4.4 Cataract and presbyopia
Cataract and presbyopia are two of very common visual defects that are caused by the loss of clarity and focusing abilities, respectively (Fricke et al., 2018). Ariana Allen et al. investigated the effects of lens shape change and the activity of Piezo channels on mouse lens myosin II activity (Allen et al., 2022). Ex vivo experiments (Freshly isolated mouse lenses are used in ex vivo experiments) demonstrated that changes in lens shape, induced by external mechanical loading, resulted in a reduction of calcium-dependent myosin II activity. Activation of Piezo1 via Yoda1 for 1 hour increased the levels of phosphorylated myosin light chain (MLC); however, prolonged Yoda1 treatment (6 and 24 h) led to lens opacification, which was associated with elevated calpain activity and degradation of membrane proteins in ex vivo mouse lenses. Conversely, inhibition of Piezo1 withL-GsMTx4 decreased MLC phosphorylation but did not alter the lens tensile characteristics. Research on Piezo channels in cataract pathogenesis remains relatively limited, making targeted ‘mechano-protective therapy’ a potential frontier in this field.

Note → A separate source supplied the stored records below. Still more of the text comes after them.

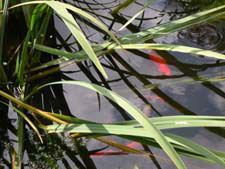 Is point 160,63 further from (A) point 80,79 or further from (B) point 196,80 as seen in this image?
(A) point 80,79

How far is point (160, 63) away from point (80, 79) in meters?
0.32

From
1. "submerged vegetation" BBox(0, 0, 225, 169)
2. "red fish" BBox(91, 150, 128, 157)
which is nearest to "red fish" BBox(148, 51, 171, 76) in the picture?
"submerged vegetation" BBox(0, 0, 225, 169)

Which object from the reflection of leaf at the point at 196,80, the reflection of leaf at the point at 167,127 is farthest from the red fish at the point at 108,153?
the reflection of leaf at the point at 196,80

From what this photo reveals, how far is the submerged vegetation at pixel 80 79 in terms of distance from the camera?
1.14 meters

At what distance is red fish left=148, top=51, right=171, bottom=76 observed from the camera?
5.20ft

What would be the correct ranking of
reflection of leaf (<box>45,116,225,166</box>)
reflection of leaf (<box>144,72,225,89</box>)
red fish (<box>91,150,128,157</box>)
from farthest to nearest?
reflection of leaf (<box>144,72,225,89</box>)
red fish (<box>91,150,128,157</box>)
reflection of leaf (<box>45,116,225,166</box>)

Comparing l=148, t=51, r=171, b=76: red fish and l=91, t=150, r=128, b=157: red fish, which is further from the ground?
l=148, t=51, r=171, b=76: red fish

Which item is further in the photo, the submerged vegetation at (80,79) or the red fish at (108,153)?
the red fish at (108,153)

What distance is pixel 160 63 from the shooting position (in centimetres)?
163

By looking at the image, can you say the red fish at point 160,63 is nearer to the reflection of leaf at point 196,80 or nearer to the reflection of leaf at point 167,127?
the reflection of leaf at point 196,80

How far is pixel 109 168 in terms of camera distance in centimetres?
128

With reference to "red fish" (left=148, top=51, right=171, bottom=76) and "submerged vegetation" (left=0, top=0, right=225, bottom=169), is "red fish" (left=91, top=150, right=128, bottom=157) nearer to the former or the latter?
"submerged vegetation" (left=0, top=0, right=225, bottom=169)

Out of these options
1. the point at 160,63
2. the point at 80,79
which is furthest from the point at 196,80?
the point at 80,79

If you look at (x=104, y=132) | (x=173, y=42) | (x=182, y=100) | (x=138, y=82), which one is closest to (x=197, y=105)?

5 Summary and perspectives
In conclusion, the extensive expression of Piezo channels across various ocular tissues indicates their potential significance in both physiological and pathological processes, warranting further investigation. We attempt to summarize the expression patterns and potential functions of Piezo in the eye through Figure 1. Elucidating the role of Piezo channels in the pathogenesis of ocular diseases may offer novel insights into potential therapeutic strategies. However, current investigations in this field face two major methodological constraints: the inherent limitations of singular detection approaches and the current unavailability of Piezo-specific pharmacological modulators (both agonists and antagonists). Consequently, numerous aspects require additional exploration in future studies.
1. Investigating the alterations in Piezo expression among glaucoma patients is essential for establishing a clinical foundation for targeting Piezo as a therapeutic intervention for glaucoma.
2. Developing high intraocular pressure (IOP) mouse models with Piezo1 or Piezo2 conditional knockouts to examine the effects of Piezo on IOP under conditions of elevated IOP.
3. Identifying specific inhibitors and agonists of Piezo1 and Piezo2 is crucial to advance the understanding of the functions and biophysical properties of the Piezo channels.
4. Examining the interactions among various mechanosensitive ion channels in modulating IOP is of significant importance for the prevention and treatment of glaucoma.
5. Investigating the role of Piezo2 in corneal sensory neurons in response to changes in the external environment presents an intriguing area of study.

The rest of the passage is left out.